Several private equity firms are vying for a stake in Nestlé’s water business, according to the Financial Times, with CD&R, KKR, and PAI all moving into the next round of bidding.
Platinum Equity has also expressed interest in the deal, the FT noted, citing sources close to the matter.
The deal, which is said to represent a 50% stake in the business, could be worth around $5 billion; and follows the reveal that the business is looking deconsolidate Nestlé Waters & Premium Beverages.
The Nestlé portfolio
The Nestlé portfolio focuses on four businesses: Coffee, Petcare, Nutrition, and Food & Snacks. In the first three, the business has market-leading positions in what it describes as ‘truly global categories’ in its latest set of full results. These account for 70% of its sales.
For the Coffee and Petcare, the strategy is to ‘execute’ on its opportunities, while its Nutrition business will become more streamlined through the integration of its nutrition and Nestlé Health Science units.
Its Food & Snacks arm is a more regional business, comprising a mixture of leading global and local brands. According to a statement in its results, for this division it is looking to achieve disciplined portfolio management via targeted brand rationalisation.
Why is Nestlé selling a stake in its water business?
“Nestlé started a process about a year ago to find a buyer for its water businesses, having sold its North American spring water brands to One Rock Capital Partners for $4.3bn in 2021,” Julian Wild, director of Wilkin Chapman Rollits, explained.

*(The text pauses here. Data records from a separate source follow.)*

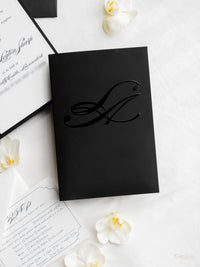 Black & White Luxury Hardcover Evening Pocket with Gold Foil Monogram | Bespoke Comission for A&M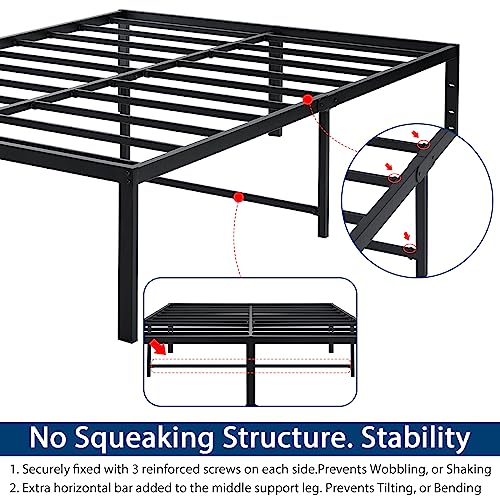 Black 18 Inch Tall Cal King Metal Platform Bed Frame V54997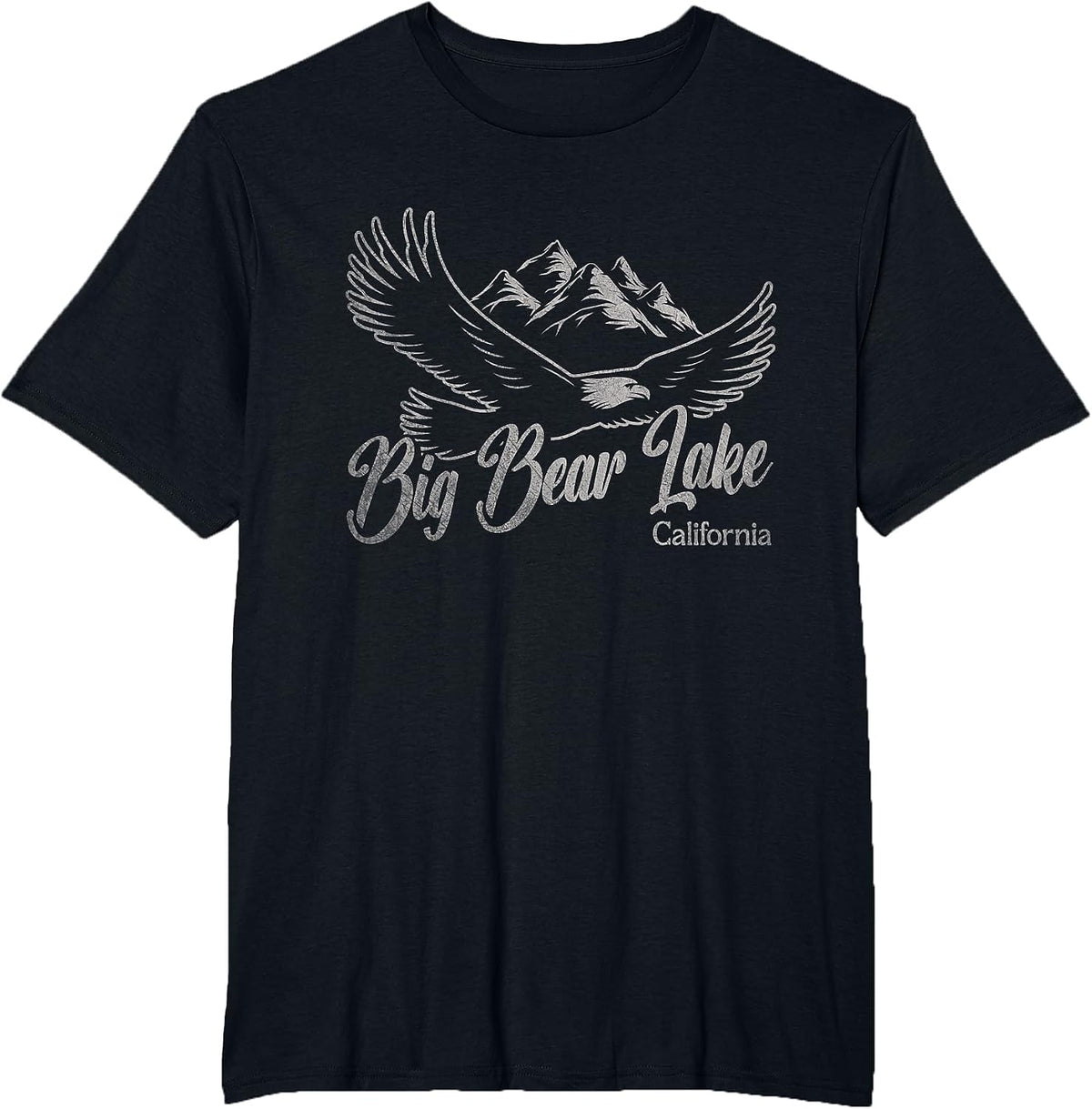 Vintage Big Bear Lake California Mountains Eagle T-Shirt - Black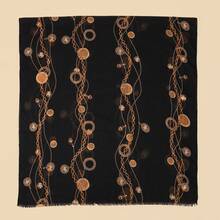 1pc Women's Versatile Black Chain Print Scarf, Daily Wear Fashionable Scarf - Multicolor - View 3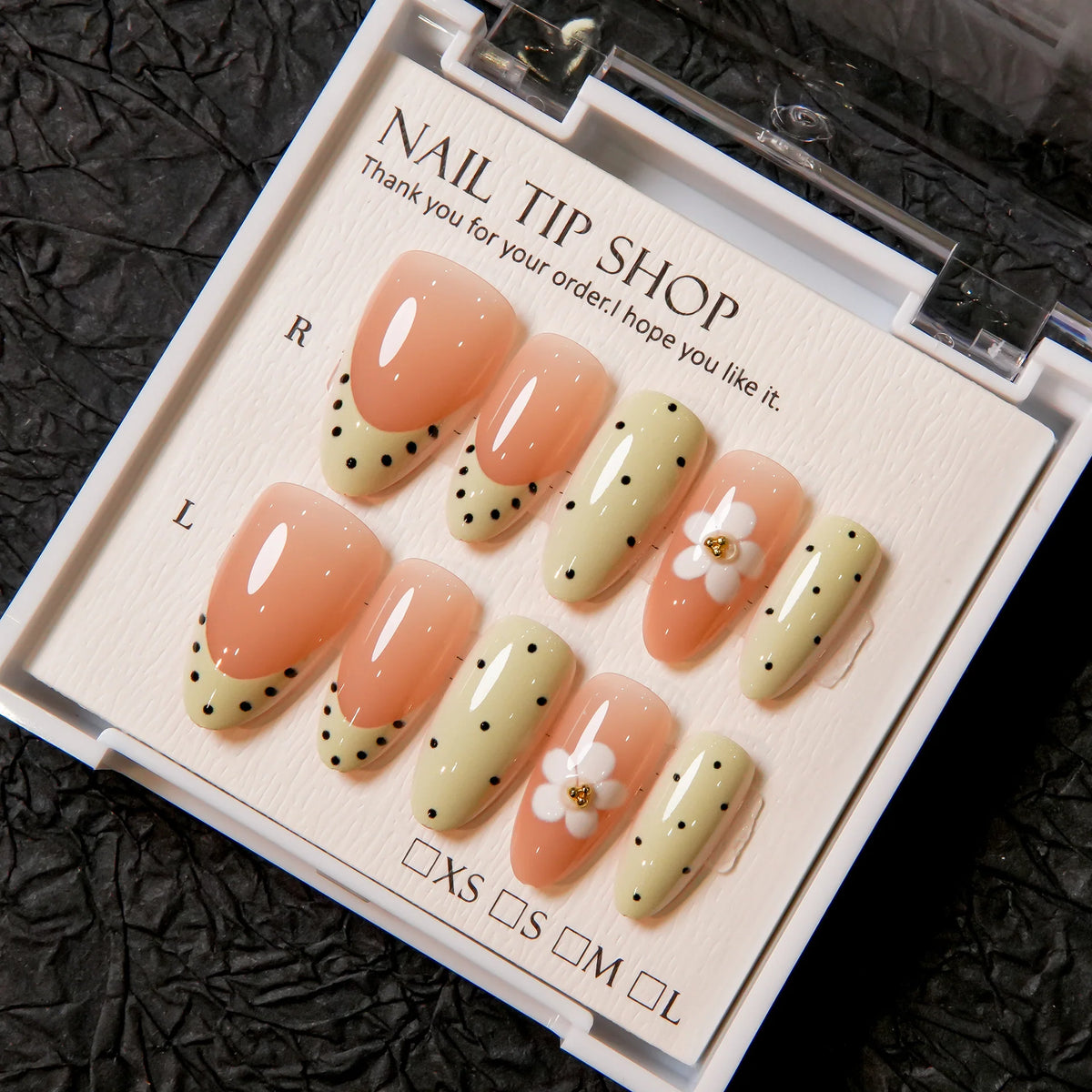 Press-On Nail Set Pre-Applied Adhesive Floral Accents Reusable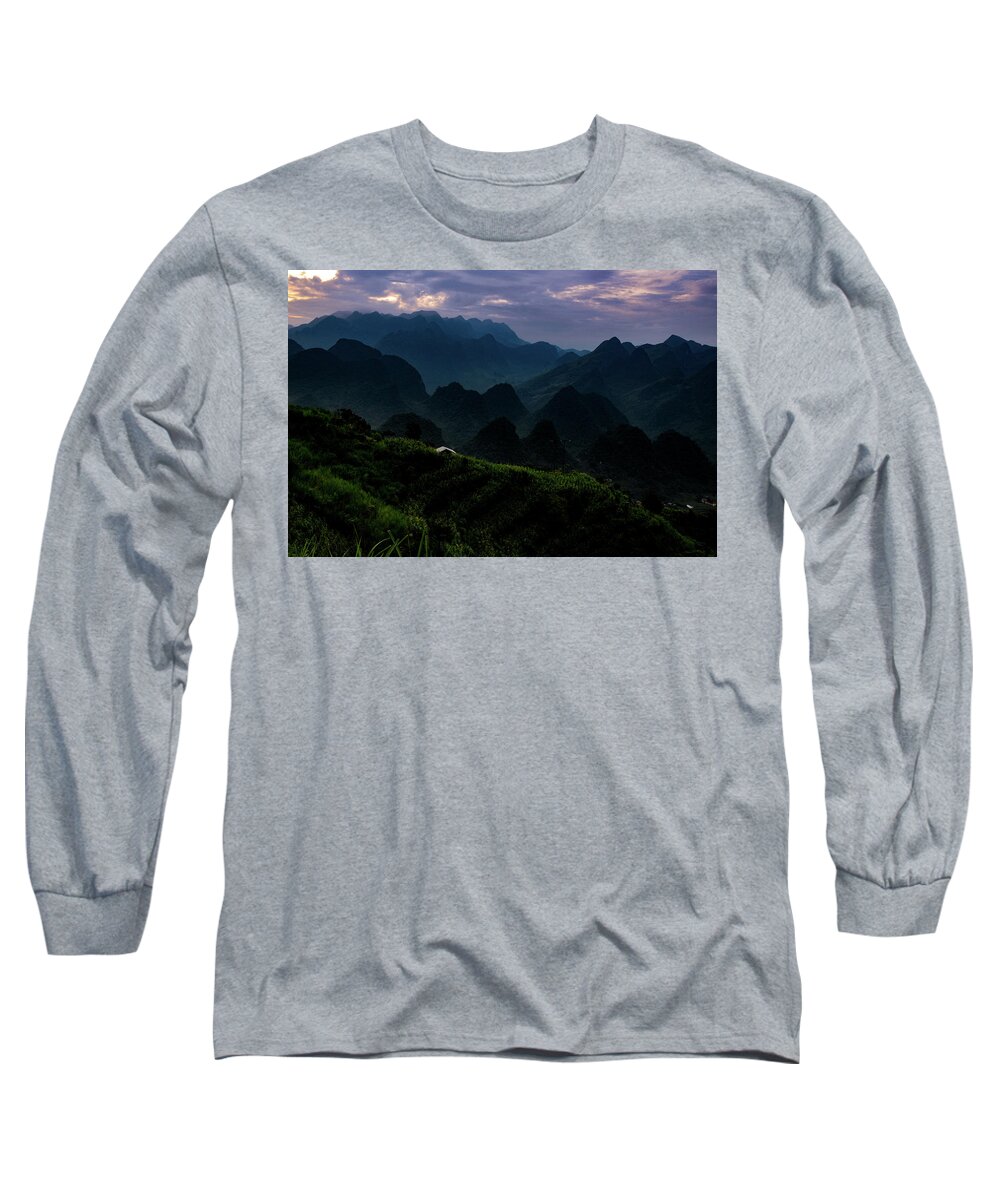 Ha Giang Long Sleeve T-Shirt featuring the photograph Waiting For The Night - Ha Giang Loop Road. Northern Vietnam by Earth And Spirit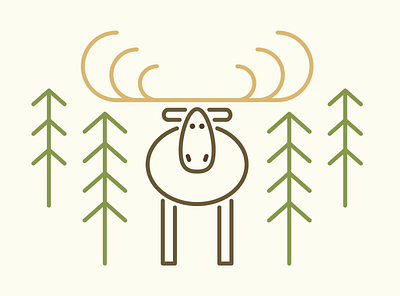 Moose Meese animals antlers creatures design flat forest graphic illustration icon illustration minimal moose trees woods
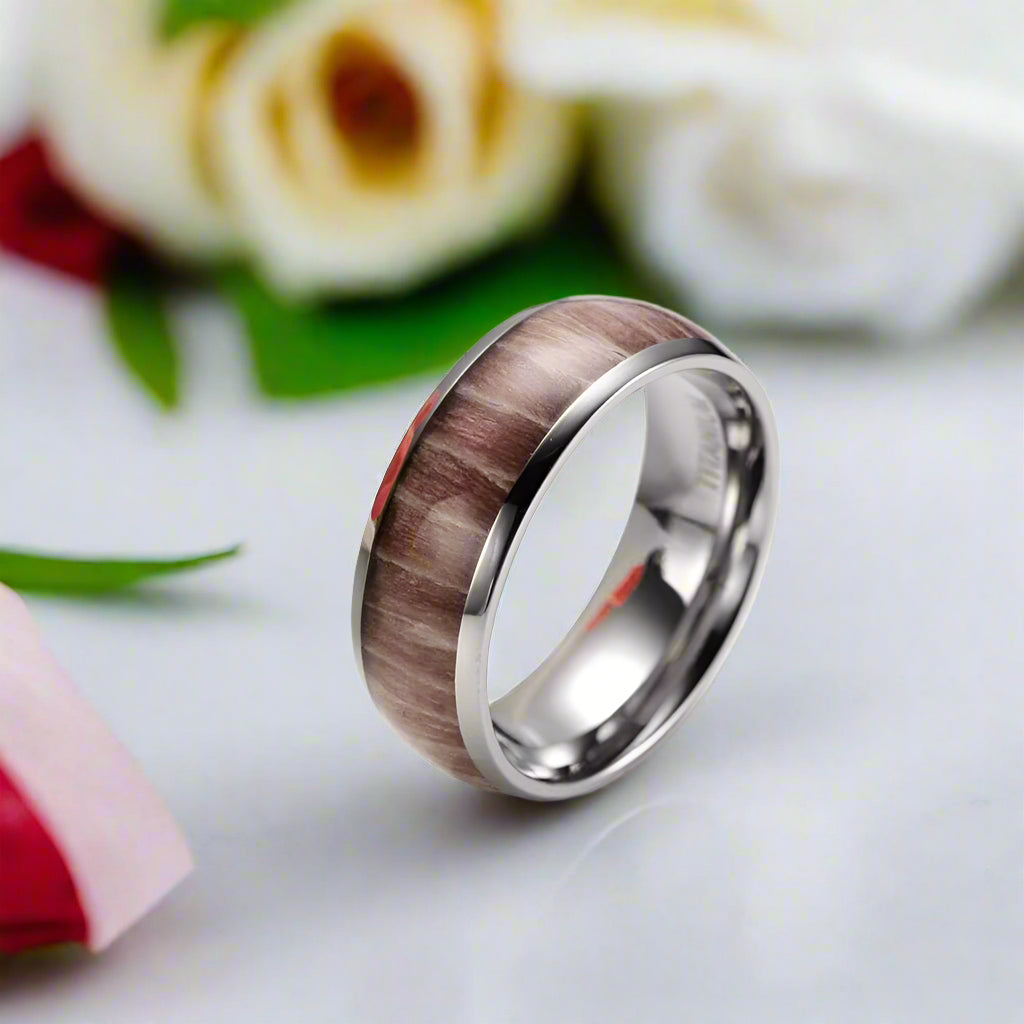 High Polished 8mm Titanium Men's Wedding Band with Wood Inlay-Evani Naomi Jewelry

“Nestlé has recognised that there is significant private equity money attracted by strong consumer brands and the major players such as Blackstone, Bain, CD&R, KKR and PAI are all reported as having run the rule over the business.
“Nestlé is under pressure to free up capital to invest in higher growth areas than bottled water, such as nutrition and health science. It is also wary of some of the regulatory demands and environmental concerns relating to water bottling.
“Rothschilds has been advising on the sale, and it appears that the intention has always been to sell a significant stake, perhaps driven by the value of the deal and the vendor’s desire to manage a staged exit from the sector.”
Clive Black, vice chairman of Shore Capital, added: “Bottled water is in a good spot when it comes to societal needs around clean hydration but not when it comes to the environment. Packaging taxes and the polluter pays principle are an issue whilst public availability of free water ports is a competitive headwind.
“Nestle is in a rational thinking mode and would not be diluting/disposing if it thought that the bottled water market was the future for high value earnings. That the Group is reducing exposure through a joint venture implies one of two things: it wants to keep a toe in the water, so to speak; or it cannot find a mechanism to walk away without material earnings dilution and asset impairment.”
On the sale, a spokesperson for Nestlé told Food Manufacture: “We have no comment on the stories currently circulating and nothing to add to what we said at our full year results on 19th of February: for Nestlé Waters & Premium Beverages, we began the formal engagement process with potential partners in Q1 2026 and expect the business to be deconsolidated from 2027.”
Food Manufacture has approached CD&R and Platinum Equity for a statement. KKR and PAI have both declined to comment.